# Task objective
Under this line sits a listing. Repeat exactly and only its lines from the one holding "Вычисление площади криволинейной трапеции" through the one holding "Sodium Alginate Market"; skip pictures.

# Data for analysis
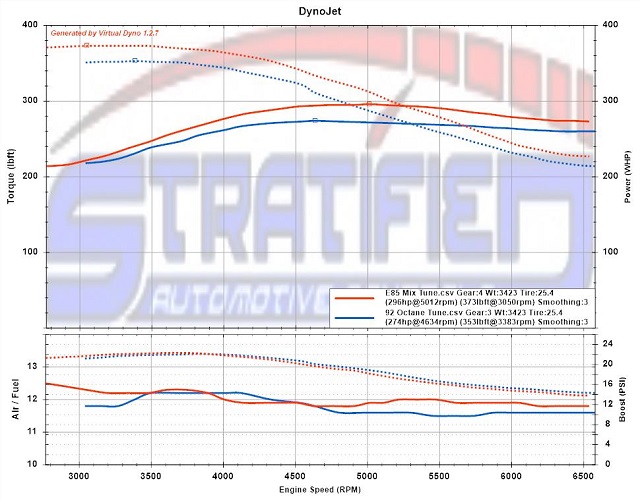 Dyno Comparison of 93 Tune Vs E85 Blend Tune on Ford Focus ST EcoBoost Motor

==

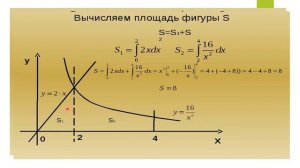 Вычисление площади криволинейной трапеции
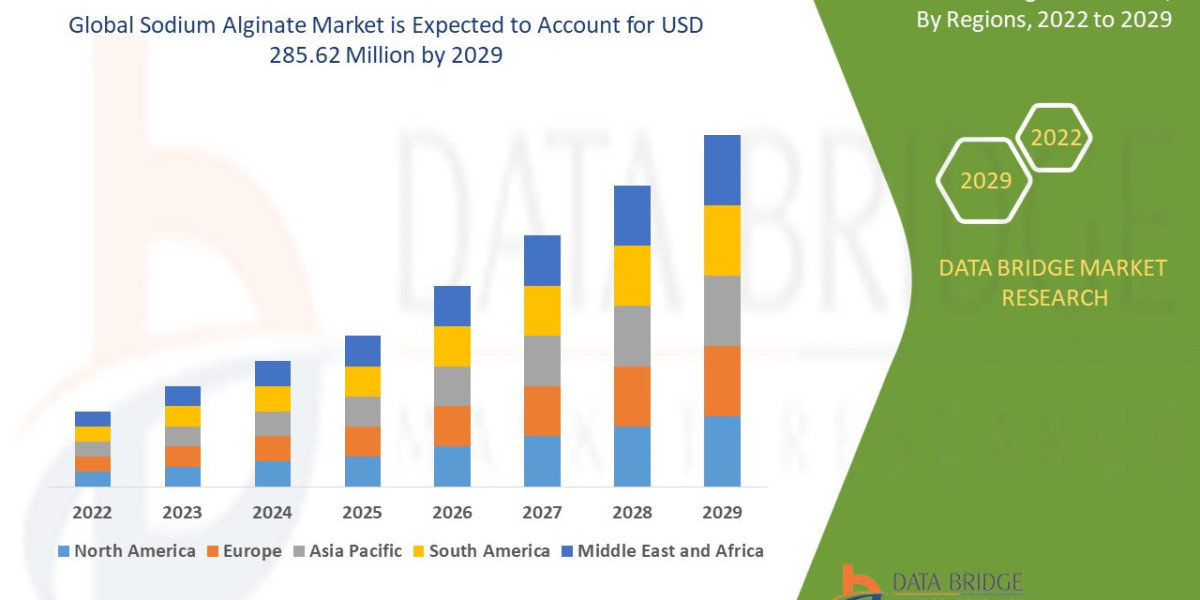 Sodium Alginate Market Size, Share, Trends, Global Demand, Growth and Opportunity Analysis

# Exercise result
 Вычисление площади криволинейной трапеции
 Sodium Alginate Market Size, Share, Trends, Global Demand, Growth and Opportunity Analysis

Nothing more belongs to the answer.